Mooji was one of the main reasons we went to Rishikesh – Mooji and Prem Baba. Both are celebrity gurus, who spend a short season in Rishikesh each year in the spring.
When we arrived in January, Prem Baba’s team were already in town, and Prem Baba was holding satsangs five mornings per week.
A satsang (translated from Sankrit as “meeting in truth”) is an opportunity to sit in the presence of a spiritual teacher, and (usually) to listen to them speak about spiritual wisdom.
Photography is not allowed at the satsangs, except on special occasions, when a group of people is graduating from an intensive course.
It turned out that many of our friends from the Agama yoga school on Koh Phangan were also in Rishikesh to see Prem Baba and Mooji. We always had the option of good company during the satsang, and for meals before and after.
Agama yoga has had a campus in Rishikesh for many years. Agama operated there first, before opening the school on Koh Phangan.

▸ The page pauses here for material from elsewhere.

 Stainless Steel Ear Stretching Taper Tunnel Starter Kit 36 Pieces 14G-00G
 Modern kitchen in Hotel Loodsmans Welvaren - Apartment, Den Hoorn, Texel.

The local Indian yoga teachers in RIshikesh started to resent the popularity of the school, and enlisted the local police to harass the non-Indian teachers. These days, the Rishikesh school is usually only open when the senior teacher of Indian descent, Muktananda, is able to be there.
Prem Baba was a psychologist before becoming a guru, and he has kept his psychological focus. In his view, unresolved issue in the psyche will prevent people from integrating higher states of consciousness. It won’t prevent people from having peak experiences, but it will interrupt those experiences, so they remain isolated incidents.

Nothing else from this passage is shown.